Friday 11 February 2011

Dream and Creation

Creation is not a single act; it is a continuous process. Everything has to be sustained, held in existence.

When we go to sleep and dream, everything can seem very real, especially if love, hatred, or fear comes into it. When we wake up we may feel foolish for having believed so deeply in the reality of what we just experienced. If you have ever dreamt, as I have, that you went to sleep inside the dream and dreamed a dream within the dream, then you may wonder if you comprehended the nature of waking up correctly. What if this is a dream? Is there an infinite series of wakings up? Will we go on waking up from different layers of dream for ever?

So what is so specially real about what we so smugly call 'the real world'? Well, you say, everything's much more consistent than in a dream. If you put something down on the table, it stays there if nobody moves it, until tomorrow. Then what about pain? If you have a really bad toothache, there is no way that you can see that as a dream. Sex, of course, seems pretty real (more on this later).

But what if dreams use different tricks on each level? What if pain, sex and consistency are unique to our level? There are hints of these even in sleep, but 'waking' life certainly has the edge.

And if we are dreaming now, whose dream is it? Yours or mine? Solipsism is a real danger here, but solipsism is not rational (as I have said before) because even my own liver is 'other' and the dreams I have when I go to bed are almost completely out of my control - I can hardly claim a right to talk about 'my' dream: I don't even know what is going to happen next. If you can do 'lucid dreaming' you might have a little more claim to being lord and master of it all, but even then, the fabric of the dream is provided for you.

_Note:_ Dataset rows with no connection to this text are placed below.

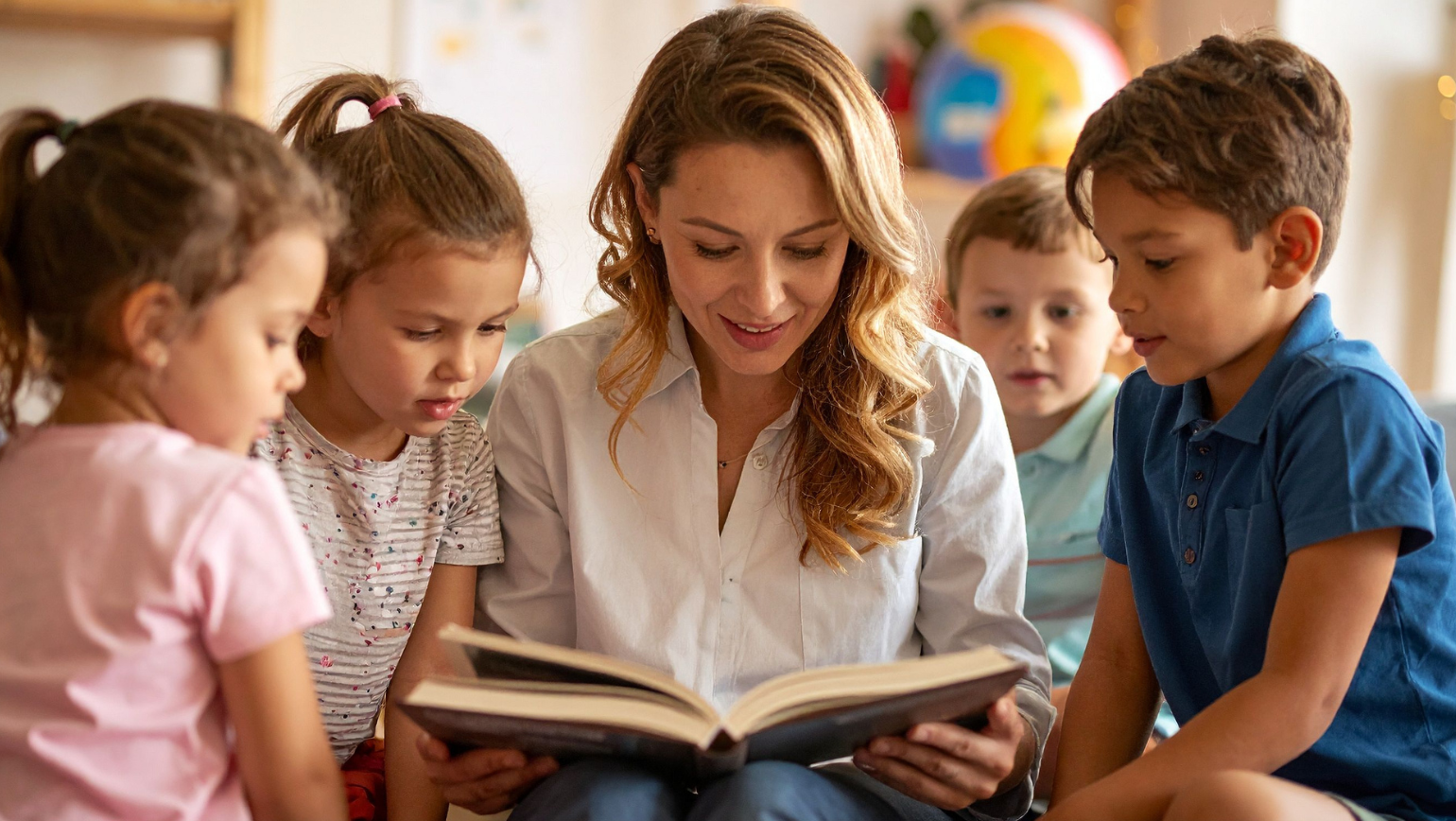 Teacher reading a book to students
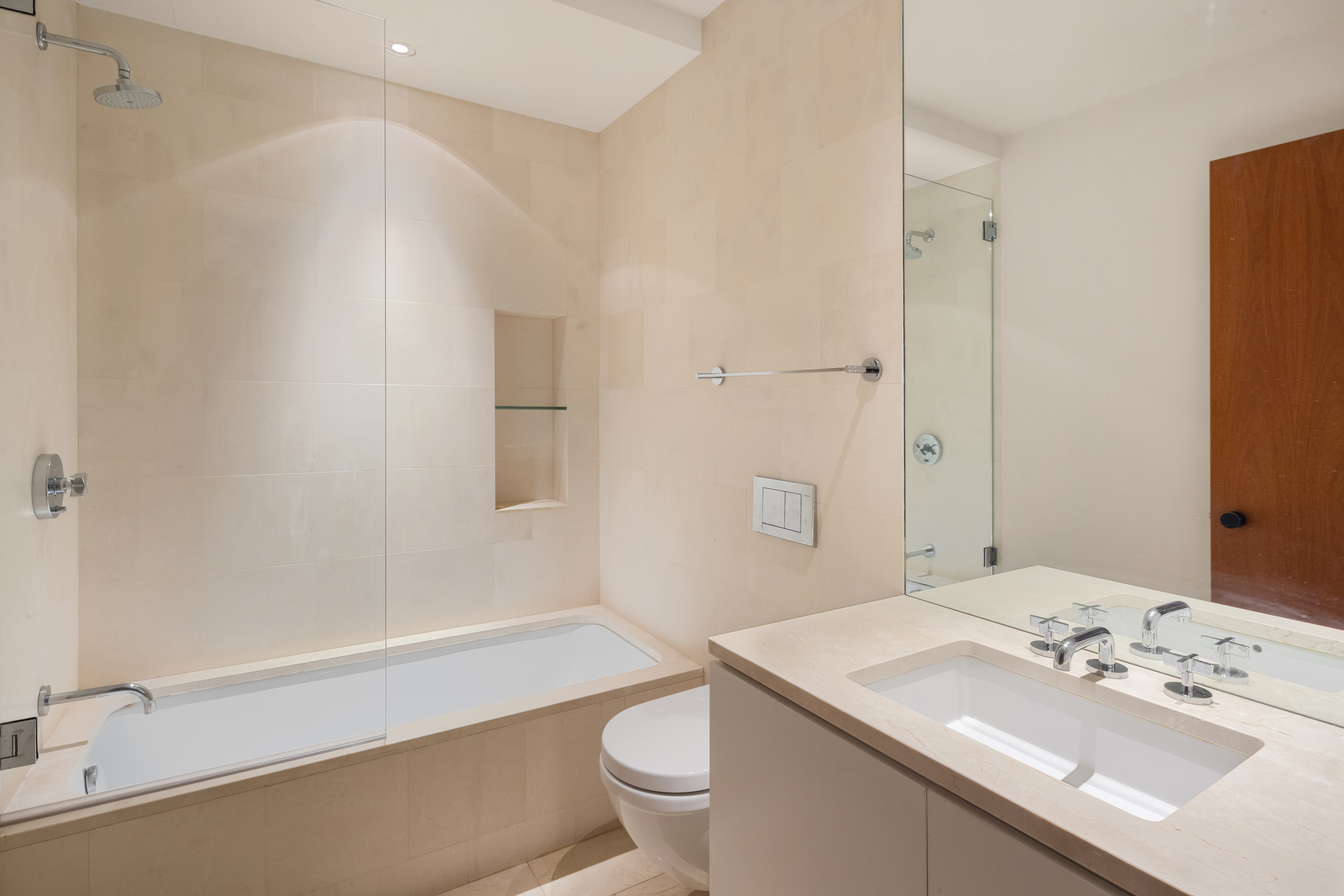 101 Wooster Street, Unit 3/4F Manhattan, NY 10012 - Photo 10 of 16 a bathroom with a sink a toilet and shower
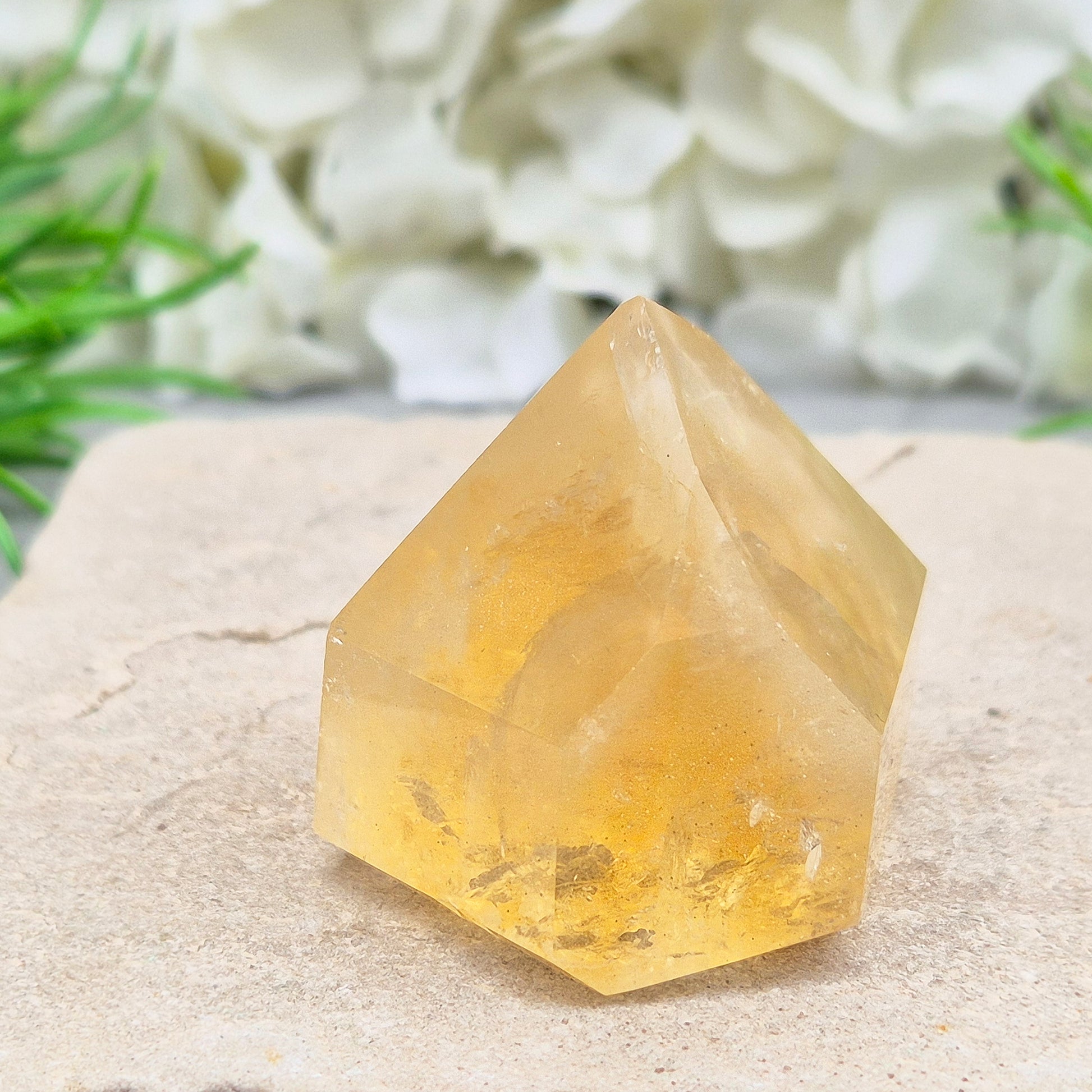 Natural Untreated polished Citrine Point sourced and polished in Brazil. Wonderful birght gold citrine colour with light reflecting inclusions and a raiunbow on the front face. 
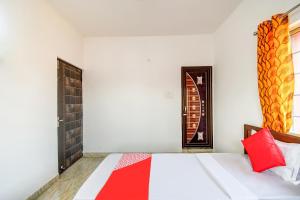 贾姆谢德布尔Hotel O Creation Premium的一间卧室配有一张红色枕头的床 更多19张照片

There is even more 'otherness' in waking life. That is what makes creation on our level so beautiful: we can experience OTHERS, we have company and we are not alone. We know that the source is 'OTHER', and yet always present and close (holding us in existence). The things which we sometimes think should not exist, like enemies and pain, are the very things which compel us to accept and believe in the reality of otherness.